[Stored records]
========================================================================

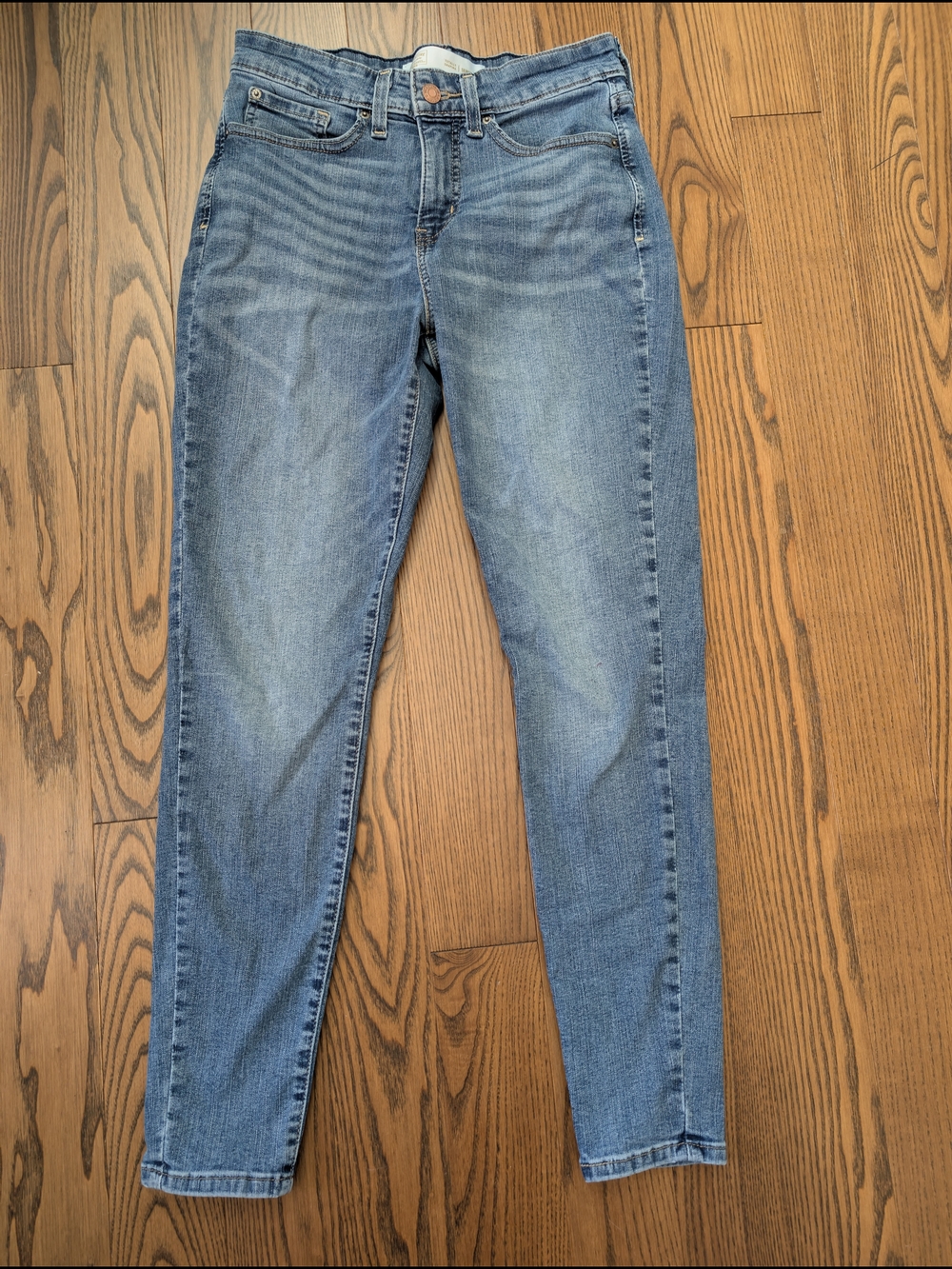 Levi's Light Blue Women's Skinny Jeans Size 6S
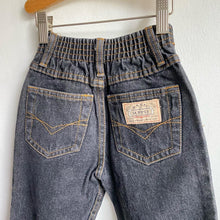 Load image into Gallery viewer, Vintage Adams charcoal grey jeans // 1.5-2 years+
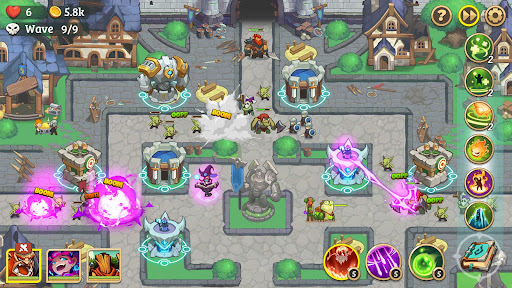 Empire Defender Offline Games ekran görüntüsü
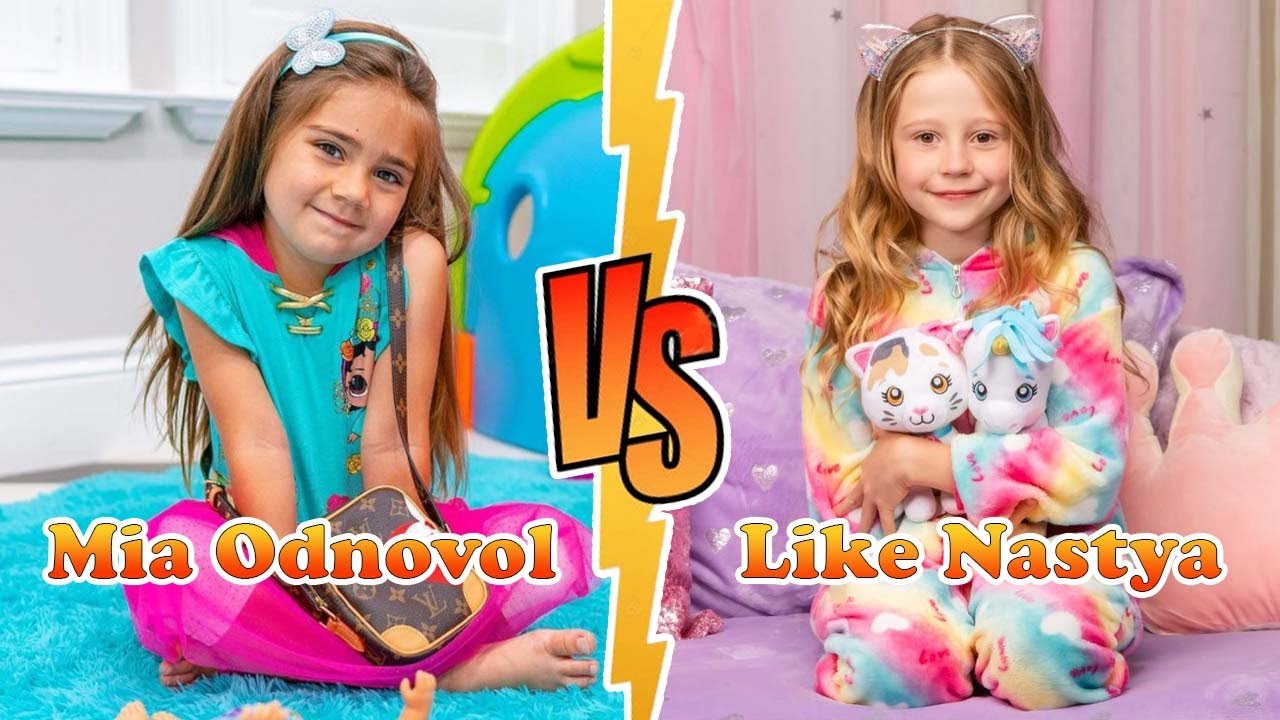 Like Nastya VS Mia Odnovol Nastya Artem Mia Stunning Transformation like-nastya-vs-mia-odnovol-nastya-artem-mia-stunning-transformation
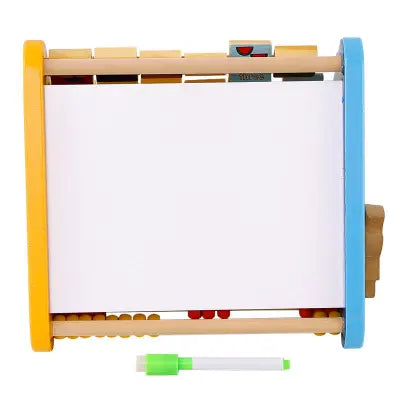 5-in-1 Wooden Activity Centre (Triangle)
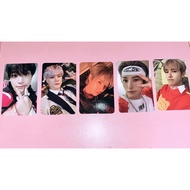 Photocard nct dream istj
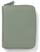 Organizues Filofax Norfolk Pocket Compact Zip, lëkurë, Sage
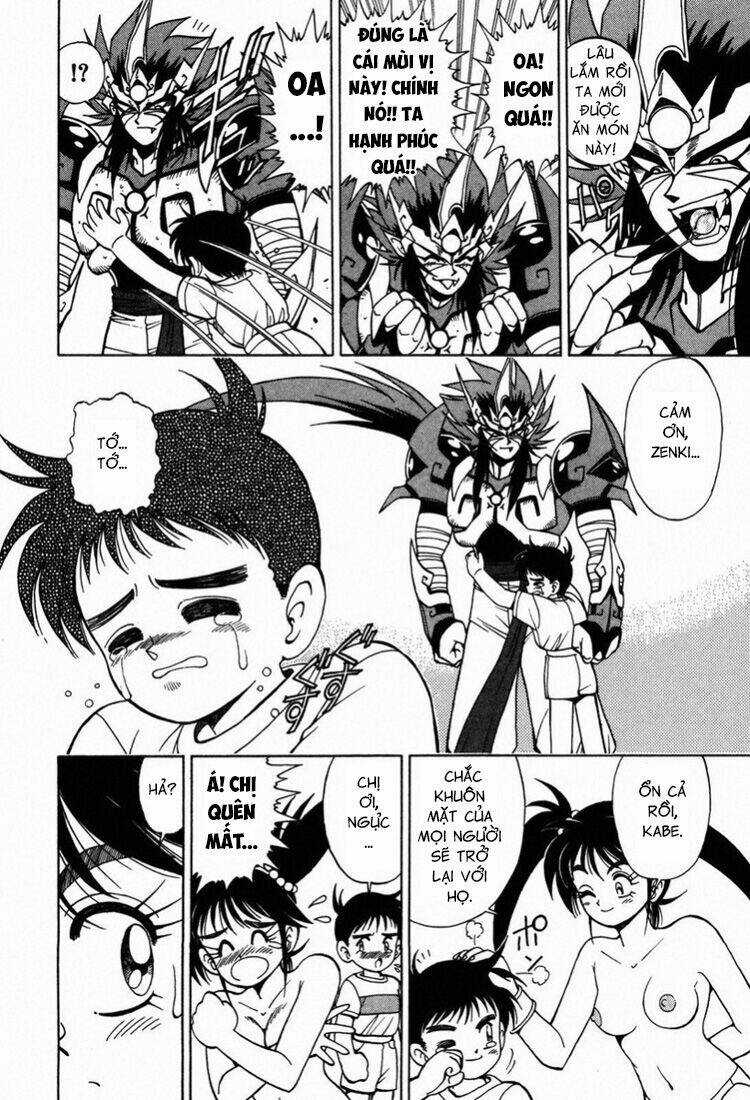 Tiểu Thần Zenki - Kishin Douji Zenki Chapter 22 trang 9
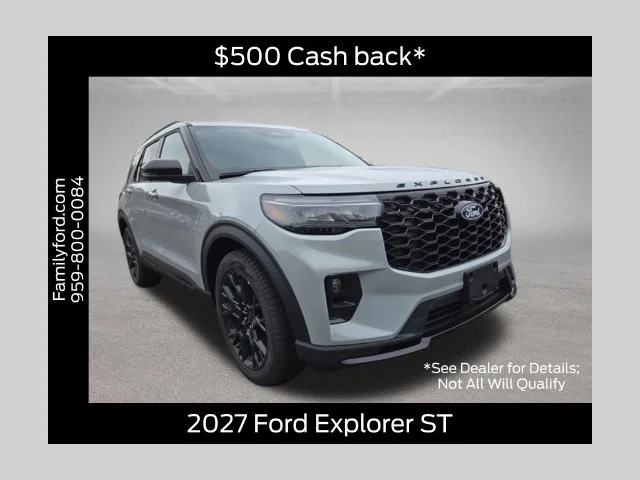 2027 Ford Explorer ST
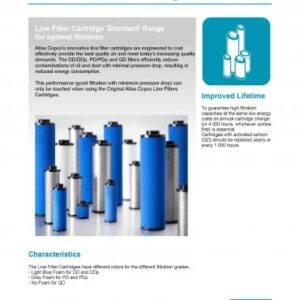 line filter cartridges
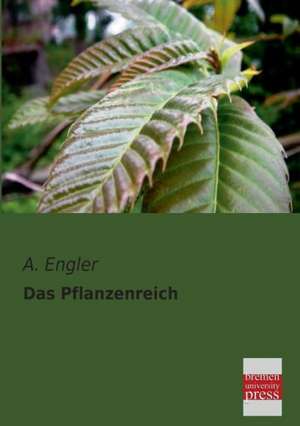 Das Pflanzenreich de A. Engler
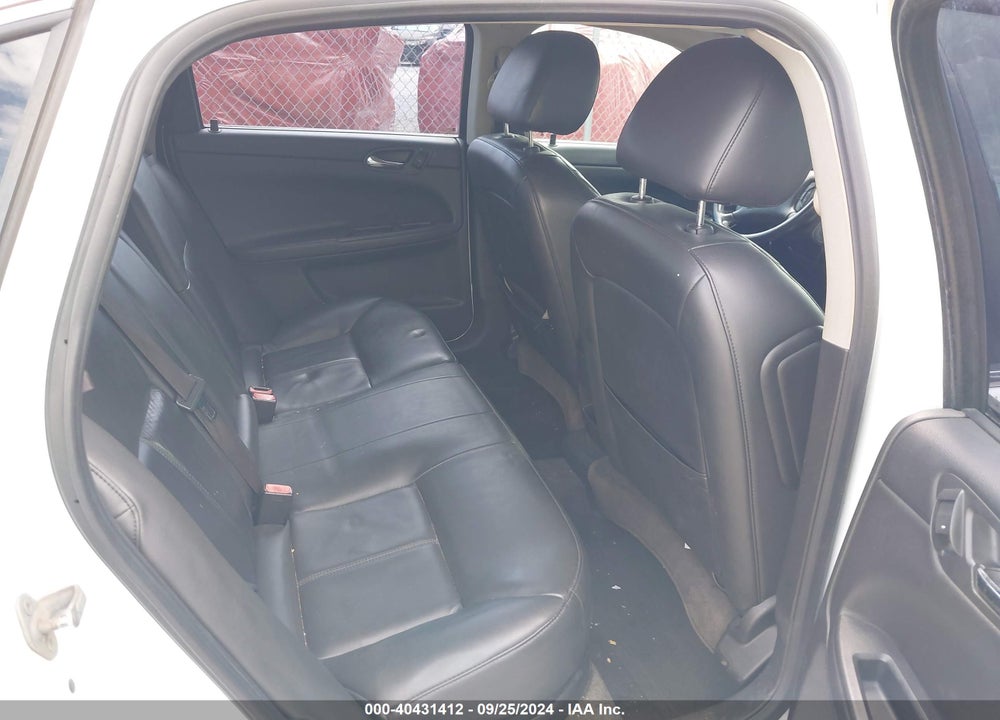 2011 CHEVROLET IMPALA LTZ VIN: 2G1WC5EM7B1193192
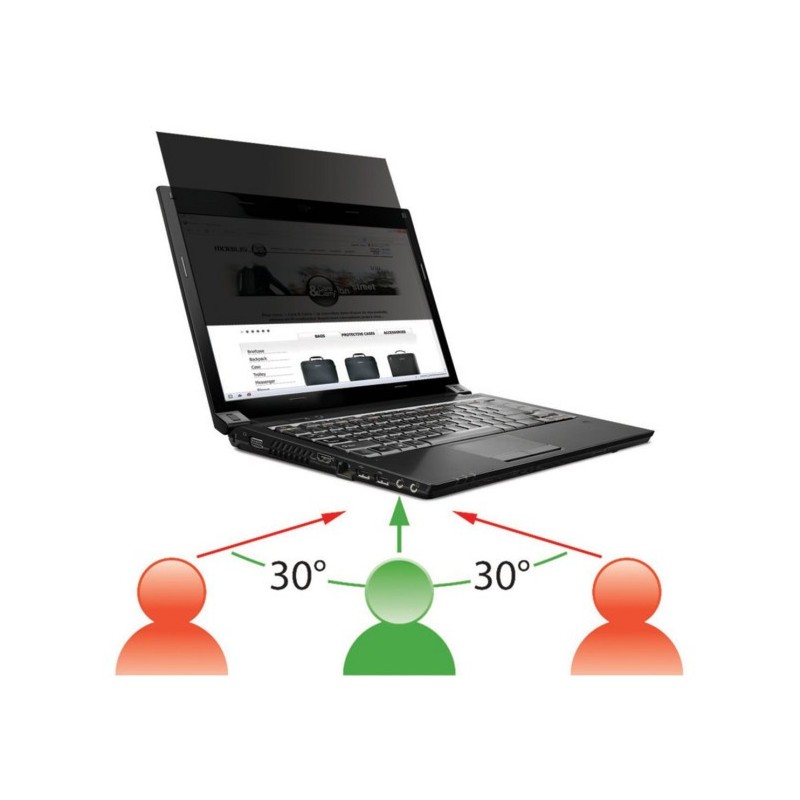 MOBILIS Filtre de confidentialité pour Notebook 14.1" (16:10)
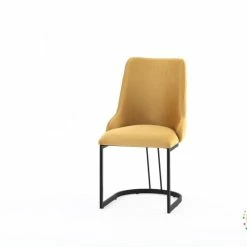 Furniture Imports LTD Anka Dining Table Set In Black With Gold Legs ALL DUBAI DINING & OCCATIONAL RANGES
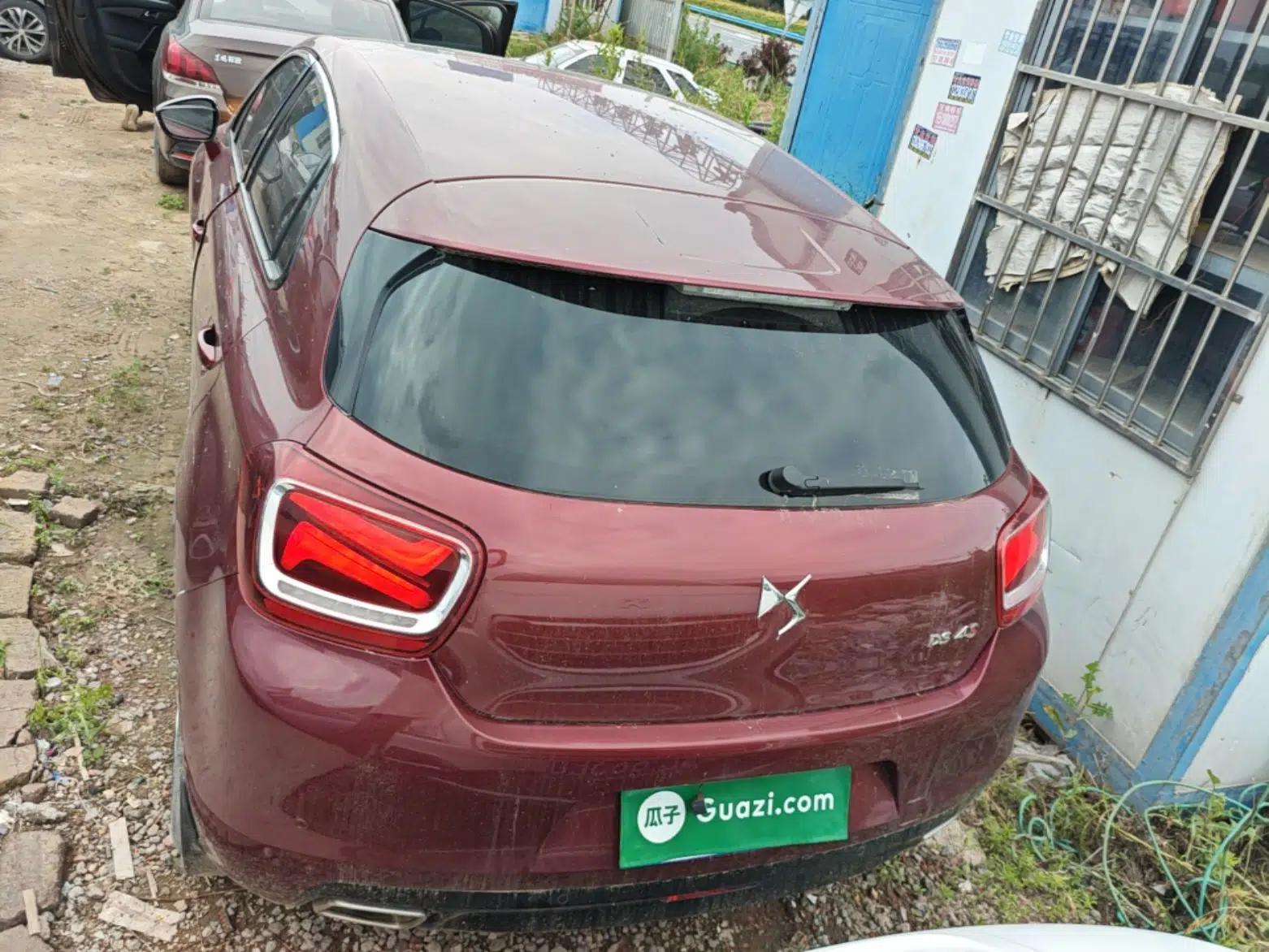 Used DS 4S 2016 1.6T Automatic Ruidong Version THP160 — миниатюра 5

========================================================================

• Exercise
The range to copy runs from the line with "Furniture Imports LTD" to the last line of the entries, both included; copy it exactly and leave out the pictures.

• Response to the task
 Furniture Imports LTD Anka Dining Table Set In Black With Gold Legs ALL DUBAI DINING & OCCATIONAL RANGES
 Used DS 4S 2016 1.6T Automatic Ruidong Version THP160 — миниатюра 5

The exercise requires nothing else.